[What is being asked]
Please retype the data below line for line and leave out every picture.

[Data to use]
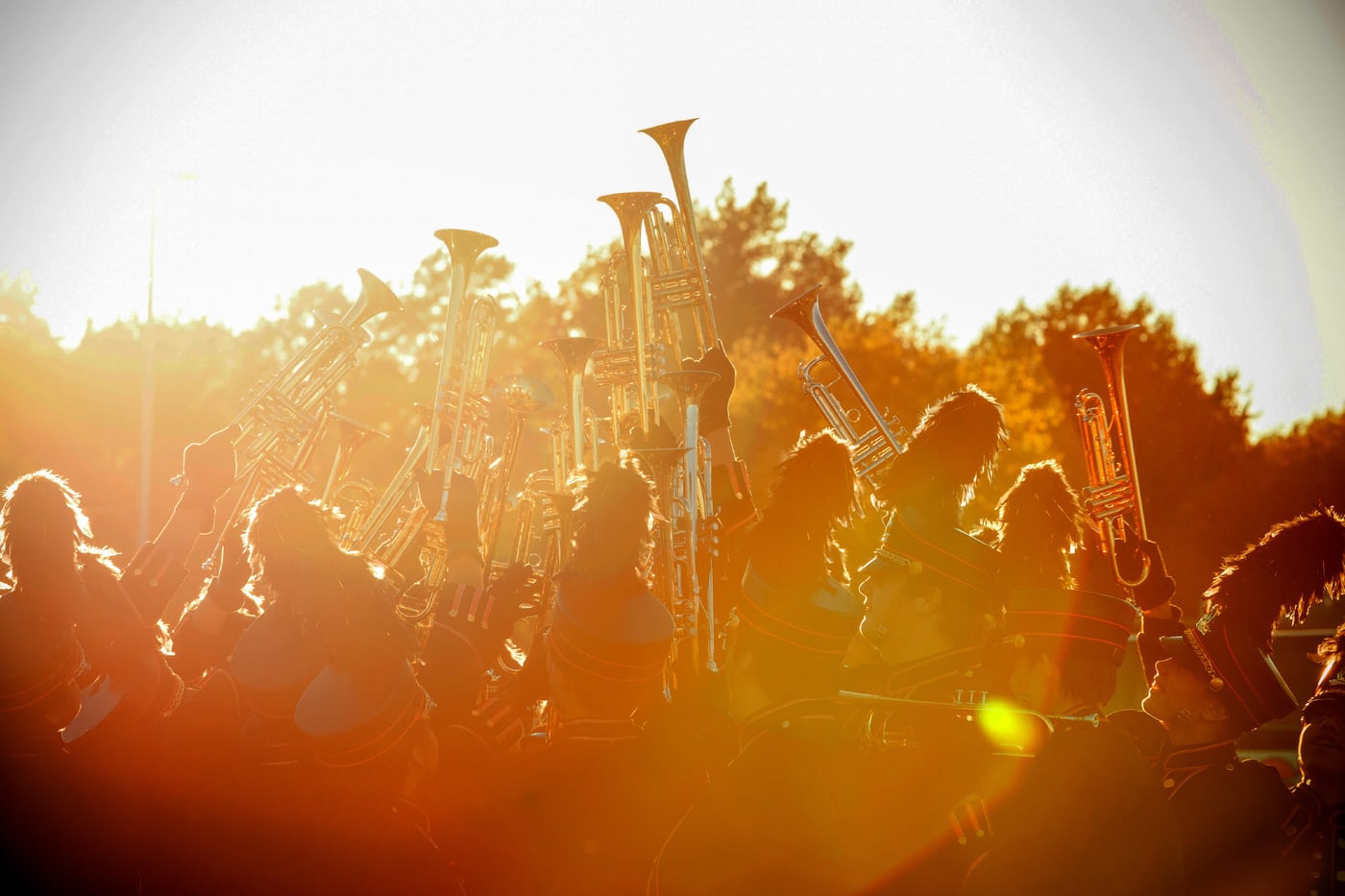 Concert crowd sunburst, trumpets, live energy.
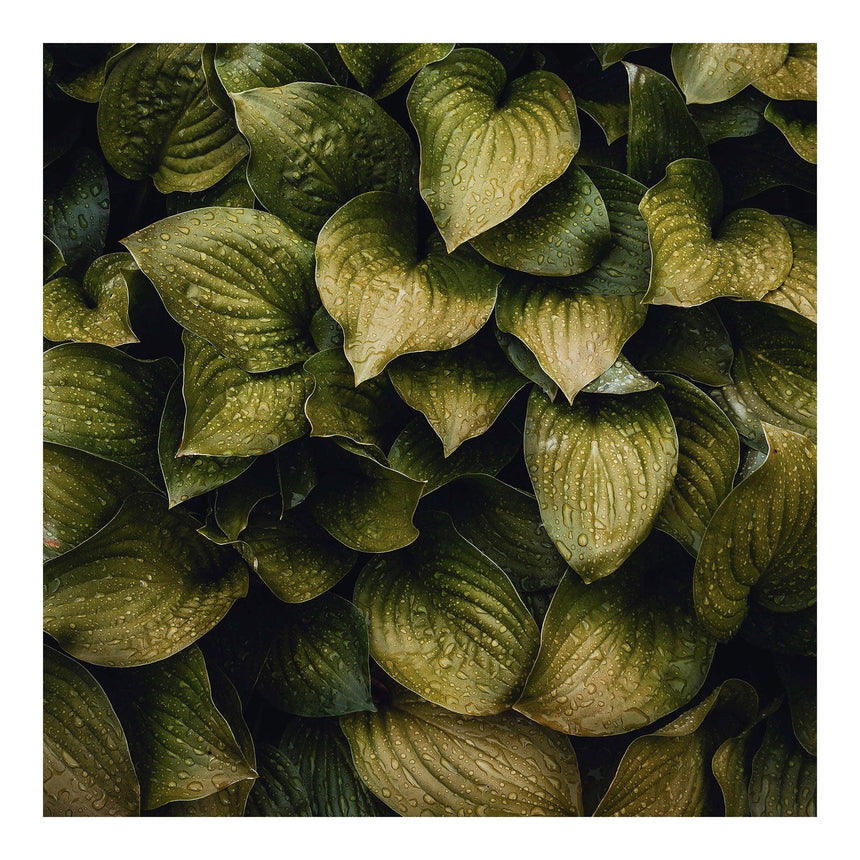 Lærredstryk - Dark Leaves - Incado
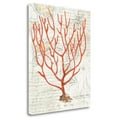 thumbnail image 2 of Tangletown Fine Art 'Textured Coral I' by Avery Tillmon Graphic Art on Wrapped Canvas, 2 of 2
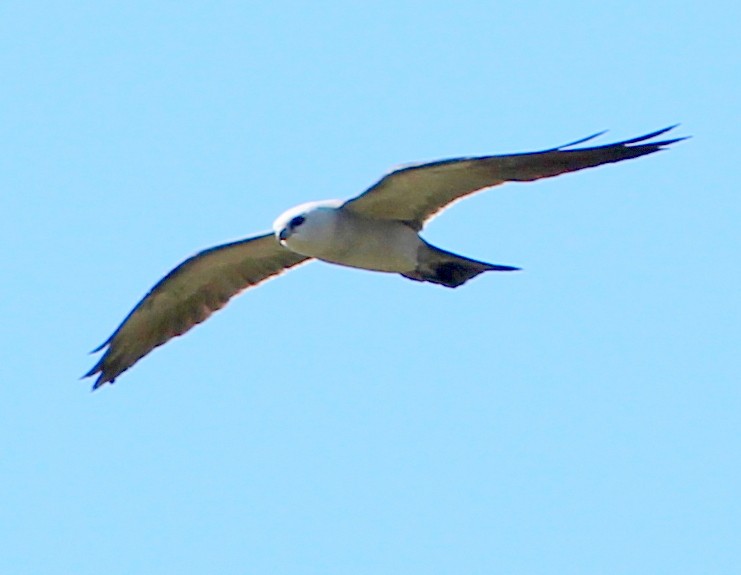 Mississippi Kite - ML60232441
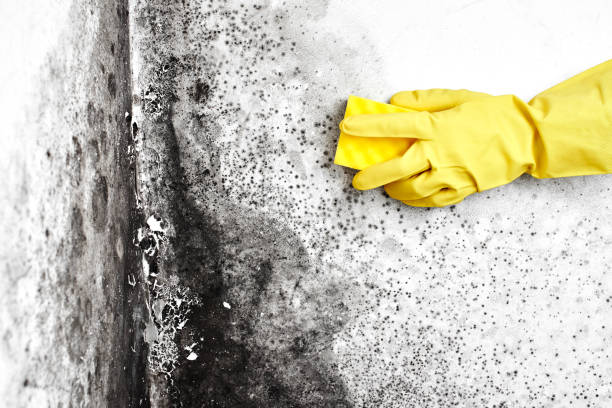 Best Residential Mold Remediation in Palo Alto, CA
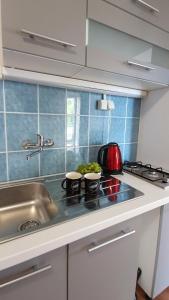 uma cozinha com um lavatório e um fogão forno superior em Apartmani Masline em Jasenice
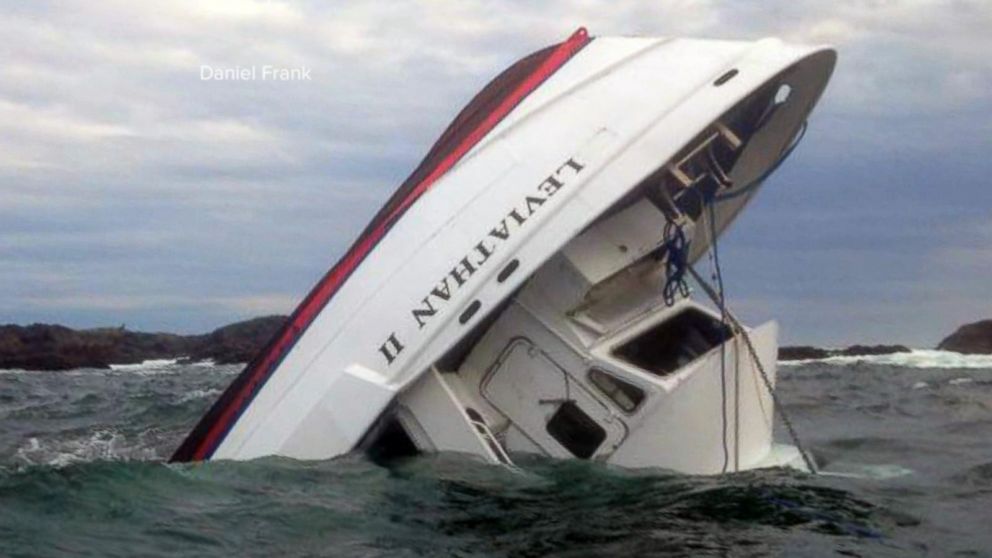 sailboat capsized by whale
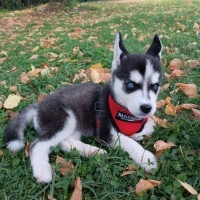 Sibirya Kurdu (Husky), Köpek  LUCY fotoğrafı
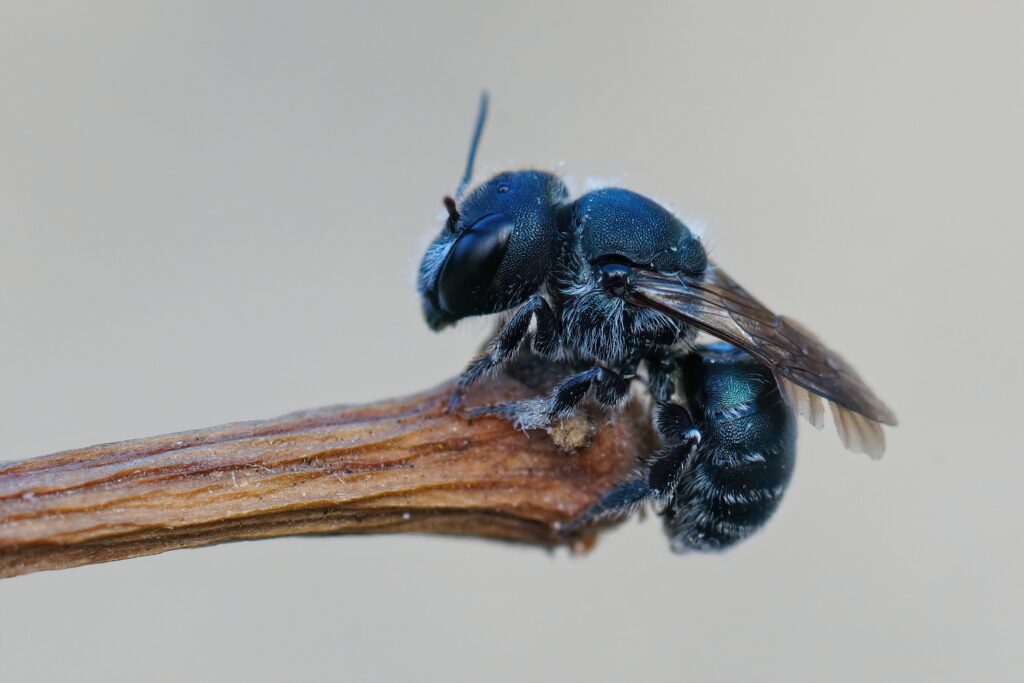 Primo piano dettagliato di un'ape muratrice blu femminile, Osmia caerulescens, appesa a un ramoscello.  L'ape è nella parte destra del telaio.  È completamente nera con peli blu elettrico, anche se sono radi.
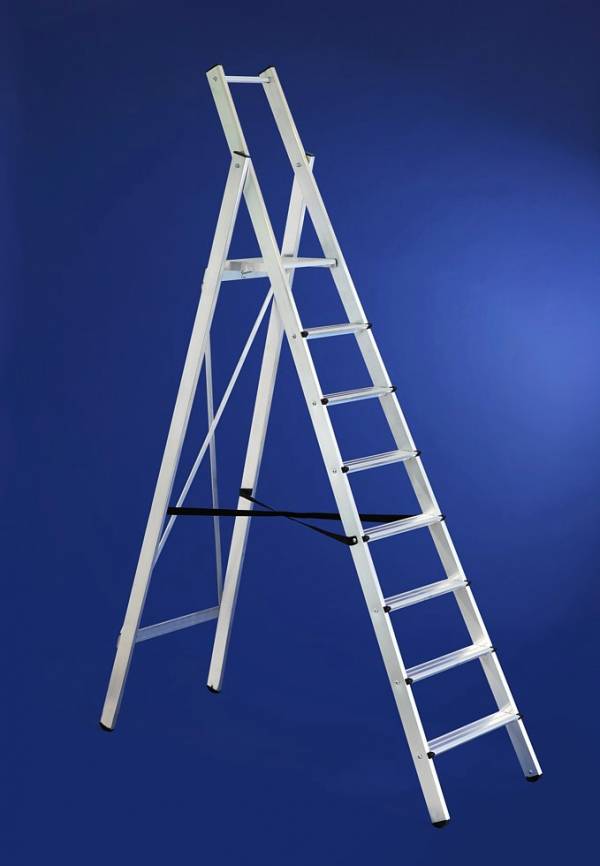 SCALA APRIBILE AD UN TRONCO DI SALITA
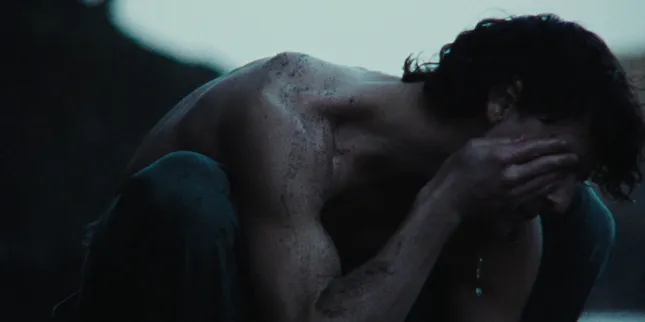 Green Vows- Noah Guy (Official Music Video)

[Finished exercise]
 Concert crowd sunburst, trumpets, live energy.
 Lærredstryk - Dark Leaves - Incado
 thumbnail image 2 of Tangletown Fine Art 'Textured Coral I' by Avery Tillmon Graphic Art on Wrapped Canvas, 2 of 2
 Mississippi Kite - ML60232441
 Best Residential Mold Remediation in Palo Alto, CA
 uma cozinha com um lavatório e um fogão forno superior em Apartmani Masline em Jasenice
 sailboat capsized by whale
 Sibirya Kurdu (Husky), Köpek  LUCY fotoğrafı
 Primo piano dettagliato di un'ape muratrice blu femminile, Osmia caerulescens, appesa a un ramoscello.  L'ape è nella parte destra del telaio.  È completamente nera con peli blu elettrico, anche se sono radi.
 SCALA APRIBILE AD UN TRONCO DI SALITA
 Green Vows- Noah Guy (Official Music Video)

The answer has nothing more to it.